With DODís deployment of the new radios and increased use of the 380 MHz-399.9 MHz range of spectrum, some users of garage door openers have experienced varying levels of inoperability that has been attributed to interference caused by the new radios.
Enjoying wholesome AM on shortwave hobby radio.
It might be interesting
It might be interesting to make use of time difference of arrival, plotting against the known locations of repeaters, to identify the location of the emitters from the retransmission of clicks by those repeaters.
Where's the Surplus UHF TV Spectrum?
LOL. Well, Paul, one hand doen't know what the other is doing. Where's all that surplus TV spectrum that nobody wants?
Originally Posted by WA3VJB
The poor garage door crowd had to move from the PAVE PAWS spectrum, now what are they going to do? Perhaps the answer is a cellular modem so you can dial-open the garage door....
It's a Frequency Hopping (FH) Spread Spectrum signal. They just went from 57 kbps to 486 kbps on a 5 MHz bandwidth per hop. Very fast hopping. This system is really pretty neat, and Amateurs would do well to duplicate it and get off the old analog systems. The analog repeaters are just a waste of bandwidth on this spectrum.
The other neat thing about the EPLRS is you can use other stations in the net to communicate over the horizon. So you get high speed and long range.
This stuff worked very well in Iraq, all the way down to sniper teams with a backpack. I'm jealous...
20 MHz is not that wide to do brute-force jamming though.

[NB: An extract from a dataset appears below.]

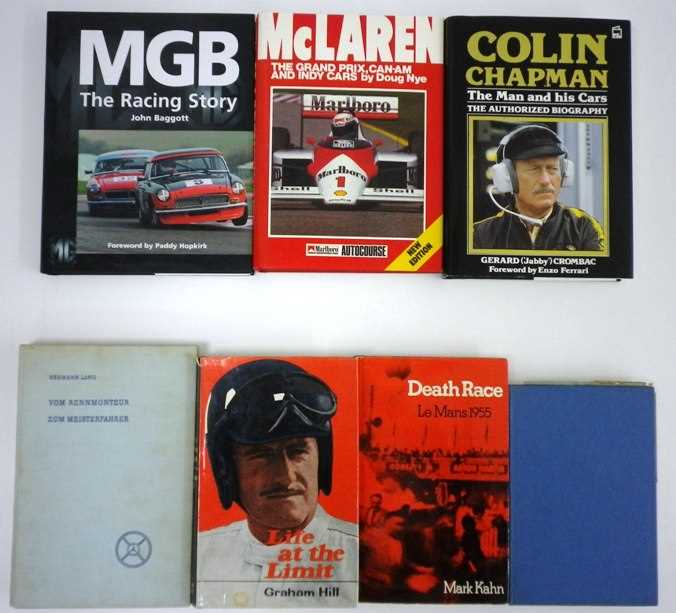 Click for high resolution Lot 76 - A selection of 16 motoring related books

Also FH type signals are easy to triangulate. I expect to see jamming equipment out of Eastern Europe, and Iran :-)
For those that haven't heard it before, see the following:
I need to update the page but it's all there.
Steve - AA5TB
I guess you must think that we have the ability to do synching of radios to some form of protocol to effect synchronized 'hopping.' Well, considering that this stuff is point to point, the concept sort of defeats the idea of high level repeaters and wide area coverage from one location. Essentially, it is a secure simplex system. And, the simplex repeating is akin to packet.
Originally Posted by K5OKC
No, it doesn't fit rag chewing and it doesn't fit emcomm. In a crisis, we need maximum communicability, not security, which spread spectrum is all about. Imagine what would happen to a person trying to summon help if the radio they used didn't have the right hopping protocol? Nothing heard from them and nothing heard from anybody else.
Like I tried to joke about, there is ample spectrum that has been freed from UHF TV for the FCC and NTIA to put this "high priced spread" junk on. And, if they can't manage to do that, then perhaps they should underwrite the cost of new garage door opener receivers and transmitters for the general public to use to replace what is now in use by everyone. The Canucks can do what they please, of course, while we Yank around.
I disagree. The main advantage of SS is that it virtualizes the spectrum. Instead of having 40 frequency channels (repeaters are channelized, and I know amateurs like to say we are against channelization, but there it is) in the frequency domain, we can have 10,000 channels in the frequency and time domain.
Originally Posted by W6EM
Spread Spectrum is like a Multitasking Real Time Operating system on top of raw hardware. Repeaters are like using the raw hardware and accepting the limitations. Sort of like DOS versus Java, or DOS versus .NET.
The reason the U.S. Military could care less about obsolete TV spectrum, is they need spectrum that they can use in any part of the world. We all remember what happened when the B-2 bomber decided to use any frequency they wanted for the radar. Yes, cost billions in tax dollars to start over again, and put the radar in the right spectrum.